My mother was raised to be the ultimate southern lady. Her father was in the military and when they moved back to his family's farm in 6th grade, school integration had just started. Much like Mississippi, in South Carolina, the whites fled to private schools. By the time my mother reached high school, she was the only white student in the entire school. She was miserable, she was bullied, and she was predjudiced for years because of that experience. Her father insisted that he was not going to pay for private school when there was a perfectly good public school for free. I've always wondered if he did it to make a stand against segregation, or if he was just stubborn. I could see him doing it for both reasons. The farm they lived on had been in his family for generations and seems to be a lot like the Delta. They grew cotton, peaches, and pecans, although by the time I was in middle school, they were living on retirement and didn't really depend on it to make a living. They had a housekeeper Vera, who lived just on the other side of the farm. Her family had worked for them for generations, originally as slaves, and eventually for some paltry sum of money that my grandmother handed out each week after she cleaned up whatever messes we had made. I guess I'm making it sound worse than it is...my grandmother didn't pay her less because she was black, she paid her less because that's what she had paid for years. And I guess Vera didn't come clean the house because she was black, she came because that's what her mother had done before her, and her mother's mother before that.

I do remember around 1995 though when Vera finally got indoor plumbing. They invited us over to see the toilet. It was the first time that I'd ever been to her house and there were kids everywhere. Two of her kids and their kids lived with her. They had a small kitchen and a bedroom that also served as a living room and just off to the side, the bathroom. I think some church group had built it for them and we stood there and ooohed and aaahhhed as they flushed the toilet. I think that may have been my first realization that even though they lived just down the street, their life was so completely different from mine, it could have been another country.

And that's what I worry about here...I know white southern culture....unfortunately, I'm not as familiar with black culture. I went to a suburban public school where we bussed in "the blacks" so we'd have enough to recieve federal funding. Luckily, my elementary school years weren't as isolated, but 7 years in that kind of environment really changed my perspective. I had grown up to believe that everyone was equal and had had a lot of great close friends of all different ethnic groups when I was in elementary school, but I guess it's easier to be ignorant of racial issues when your young. I will never forget visiting a friend at Tufts University in Boston during my freshman year of college and being absolutely shocked that they had black people in their fraternity(Auburn, and I think most southern schools, have seperate black and white fraternities). Later that night I was so ashamed of myself for thinking that and began to hate some of the things the south had done to my mind.

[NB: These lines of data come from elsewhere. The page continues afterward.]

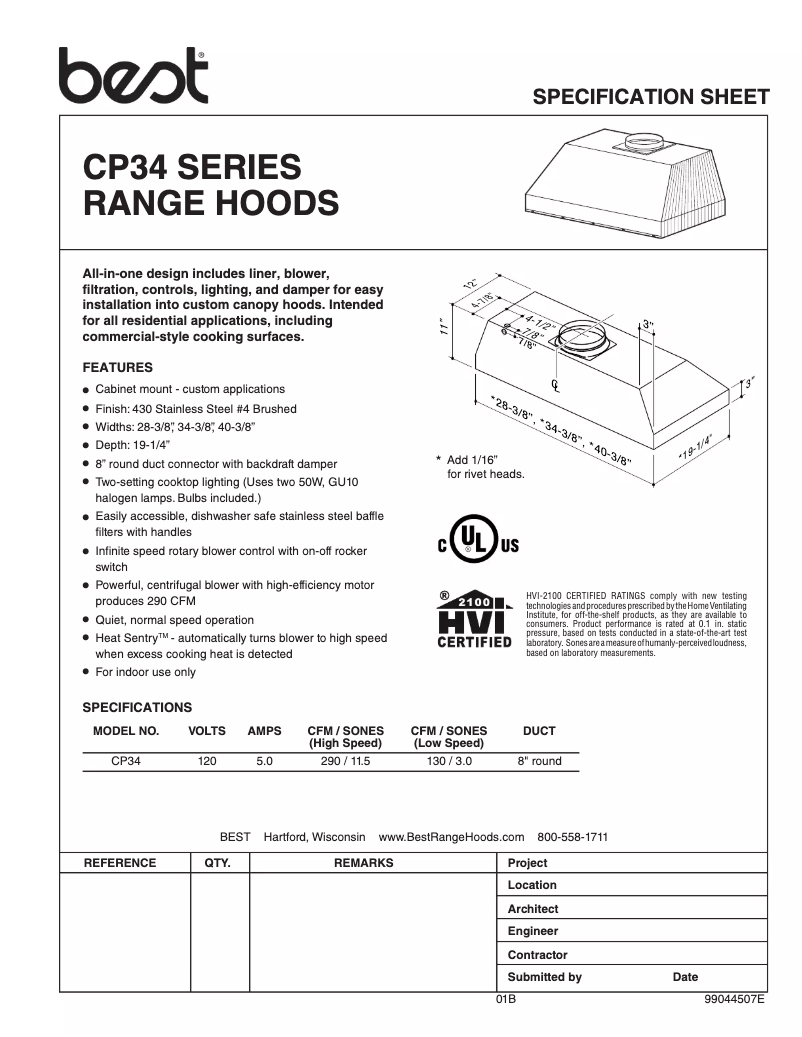 Page 1 de la notice Fiche technique Best 5810005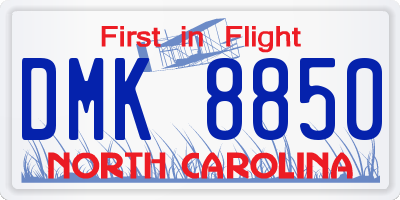 NC license plate DMK8850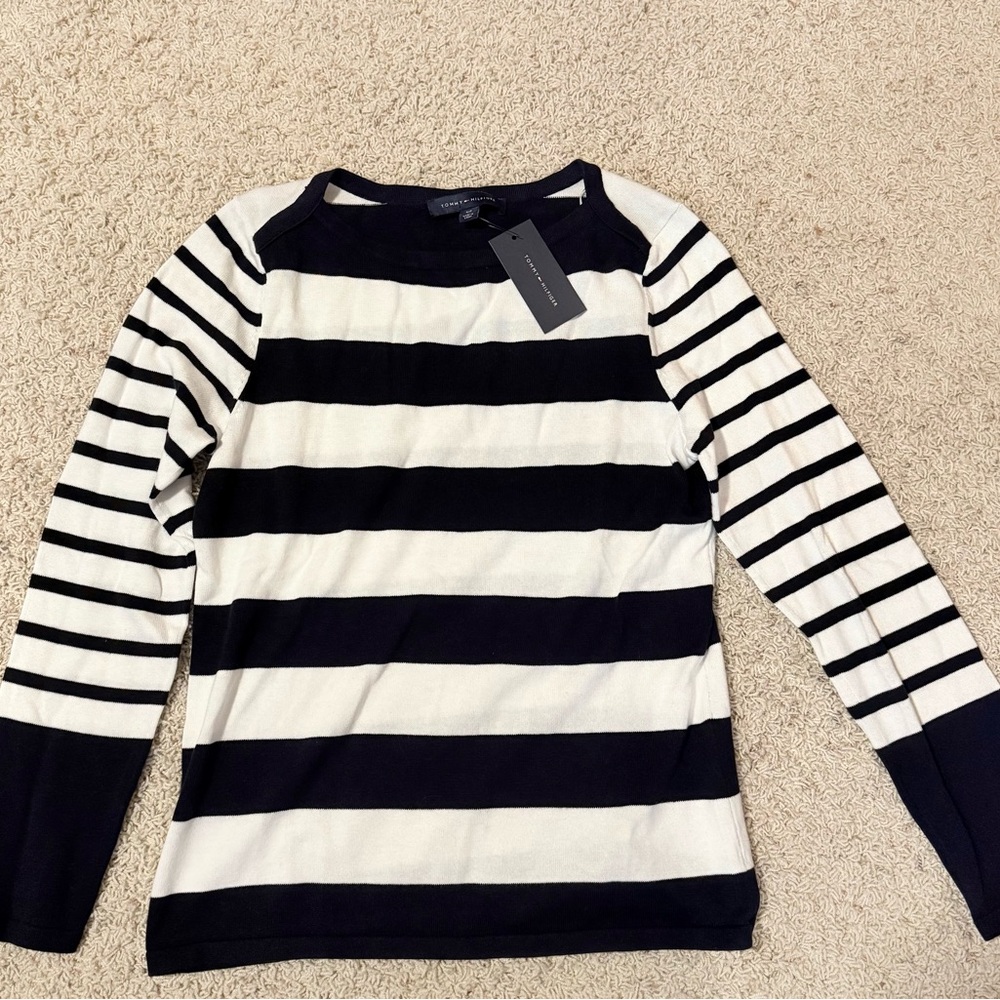 Tommy Hilfiger Navy and White Striped Knit Top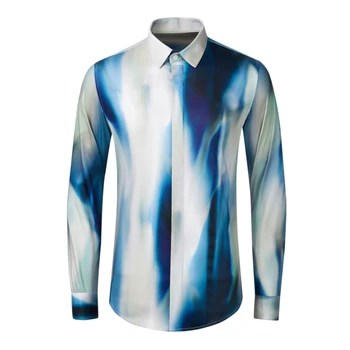 Мужские рубашки с цифровой печатью Minglu Blue Класса Люкс из 100% Хлопка С Длинным рукавом Four Seasons Slim Fit Party Smart Casual Мужские Рубашки 4XL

So I guess I'm coming at this from a mixed position. I know I understand the south, but my south may be completely different from what my students know. Also, I tend to be appalled by these things, whereas most southerners, black and white, think that's the way it's always been, it's the way it should be, and think I'm crazy for wanting to change it. All I can hope is that I'll do the best I know how and hopefully grow personally as I try to figure out my place here.